= Beginning of Section =
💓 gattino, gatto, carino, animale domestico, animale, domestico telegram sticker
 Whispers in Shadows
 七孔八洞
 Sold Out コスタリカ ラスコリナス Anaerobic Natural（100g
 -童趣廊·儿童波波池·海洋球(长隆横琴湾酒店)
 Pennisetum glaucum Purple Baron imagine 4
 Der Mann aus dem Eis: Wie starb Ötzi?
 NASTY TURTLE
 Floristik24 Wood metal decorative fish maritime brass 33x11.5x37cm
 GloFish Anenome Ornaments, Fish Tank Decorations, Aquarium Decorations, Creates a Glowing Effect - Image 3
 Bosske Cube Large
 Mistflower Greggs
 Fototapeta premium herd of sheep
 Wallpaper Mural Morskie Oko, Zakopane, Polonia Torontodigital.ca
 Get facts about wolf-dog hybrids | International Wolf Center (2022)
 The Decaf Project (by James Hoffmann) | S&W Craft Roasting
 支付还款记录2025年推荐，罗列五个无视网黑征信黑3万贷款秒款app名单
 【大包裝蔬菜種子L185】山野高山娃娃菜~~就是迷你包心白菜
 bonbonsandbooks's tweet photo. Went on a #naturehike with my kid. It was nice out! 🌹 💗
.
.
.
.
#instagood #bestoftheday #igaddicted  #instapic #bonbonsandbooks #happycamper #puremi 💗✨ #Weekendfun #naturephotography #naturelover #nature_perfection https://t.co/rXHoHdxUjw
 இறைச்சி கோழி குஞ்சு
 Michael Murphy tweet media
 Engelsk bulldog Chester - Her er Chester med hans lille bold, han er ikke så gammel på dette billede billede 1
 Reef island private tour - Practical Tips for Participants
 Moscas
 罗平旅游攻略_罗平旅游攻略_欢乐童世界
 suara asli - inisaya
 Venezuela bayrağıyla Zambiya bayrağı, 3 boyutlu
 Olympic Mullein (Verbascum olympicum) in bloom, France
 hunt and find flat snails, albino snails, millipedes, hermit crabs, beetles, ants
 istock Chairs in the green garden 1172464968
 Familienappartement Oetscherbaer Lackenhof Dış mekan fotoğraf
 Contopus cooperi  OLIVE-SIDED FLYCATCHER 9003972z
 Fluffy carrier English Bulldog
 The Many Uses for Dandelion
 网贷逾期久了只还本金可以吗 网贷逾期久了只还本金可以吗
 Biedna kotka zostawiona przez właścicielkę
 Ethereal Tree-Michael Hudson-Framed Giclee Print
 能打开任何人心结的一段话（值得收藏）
= End of Section =
WHAT YOU SHOULD DO: Using the listing above, say how many of its lines include "Michael", offering nothing besides the number.

SOLUTION TO THIS TASK: 2